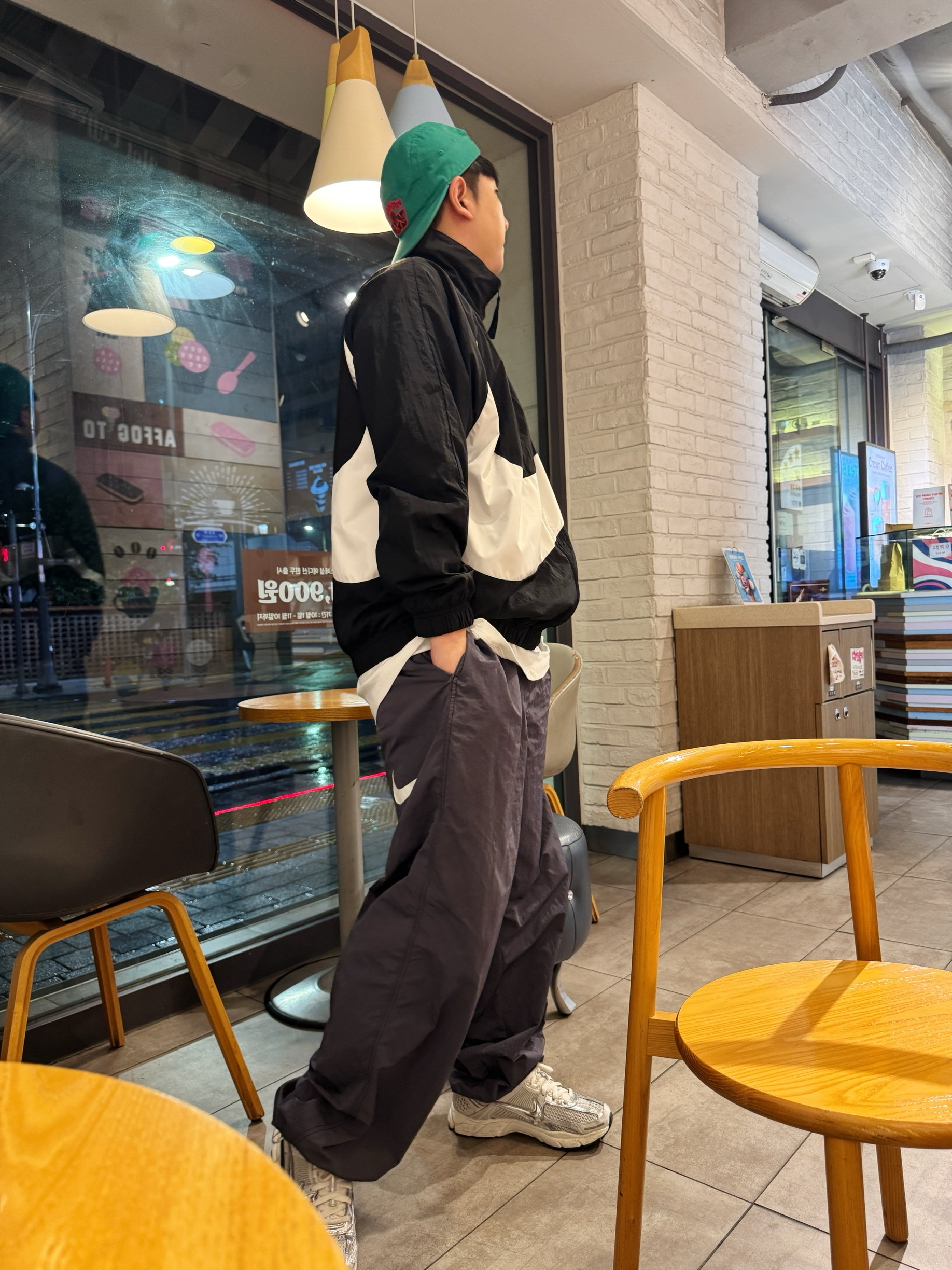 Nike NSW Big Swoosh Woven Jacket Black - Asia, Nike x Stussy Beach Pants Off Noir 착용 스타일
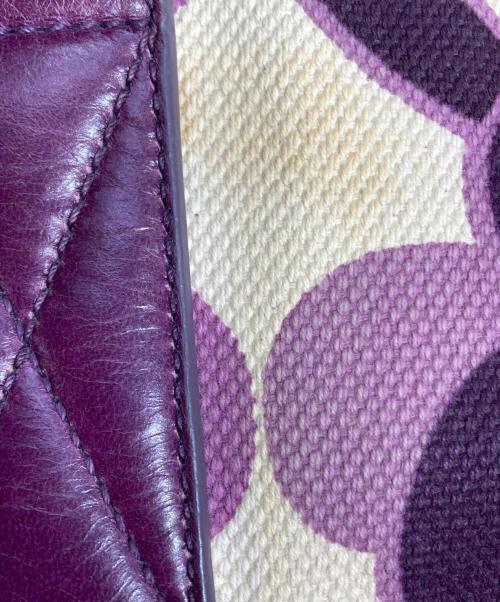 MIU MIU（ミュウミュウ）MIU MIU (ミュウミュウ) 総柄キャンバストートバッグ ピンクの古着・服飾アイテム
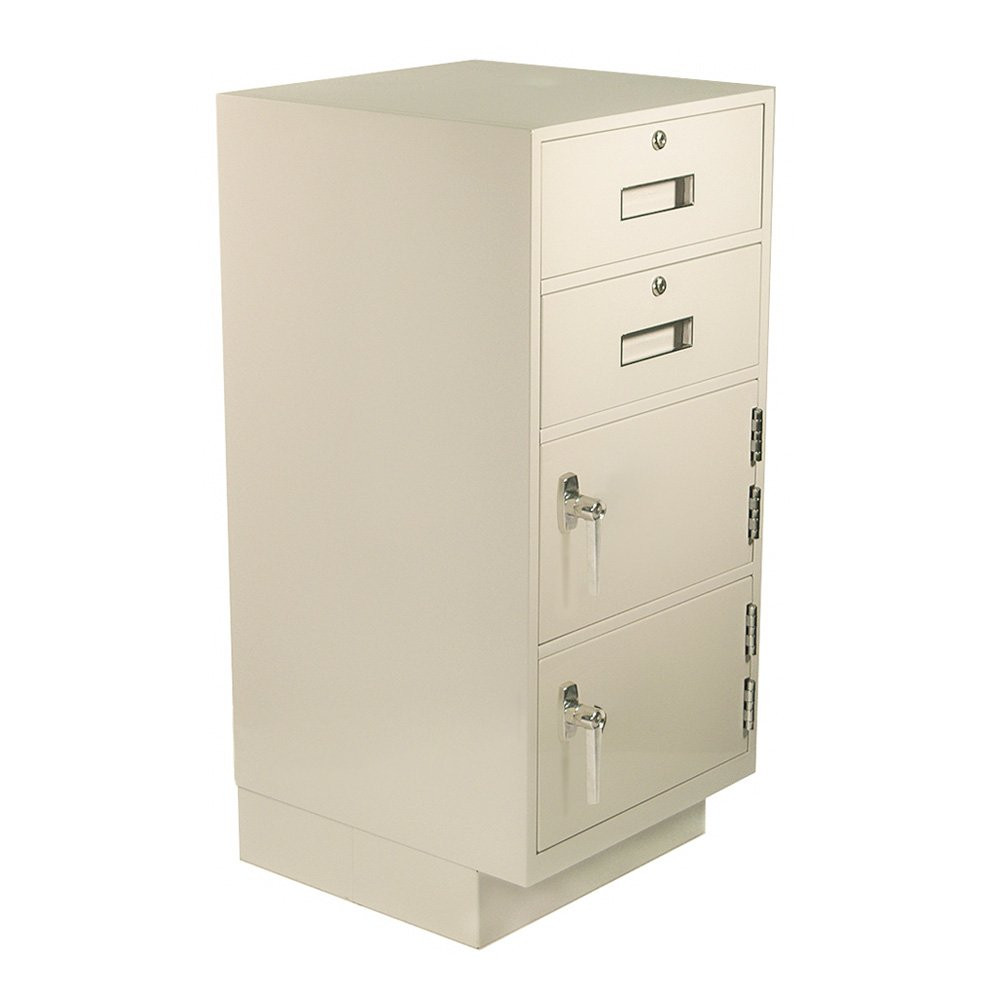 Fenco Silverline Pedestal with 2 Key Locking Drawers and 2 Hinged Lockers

============================================================

Could you reproduce the listing above word for word while leaving out its pictures?

# Answer area:
 Nike NSW Big Swoosh Woven Jacket Black - Asia, Nike x Stussy Beach Pants Off Noir 착용 스타일
 MIU MIU（ミュウミュウ）MIU MIU (ミュウミュウ) 総柄キャンバストートバッグ ピンクの古着・服飾アイテム
 Fenco Silverline Pedestal with 2 Key Locking Drawers and 2 Hinged Lockers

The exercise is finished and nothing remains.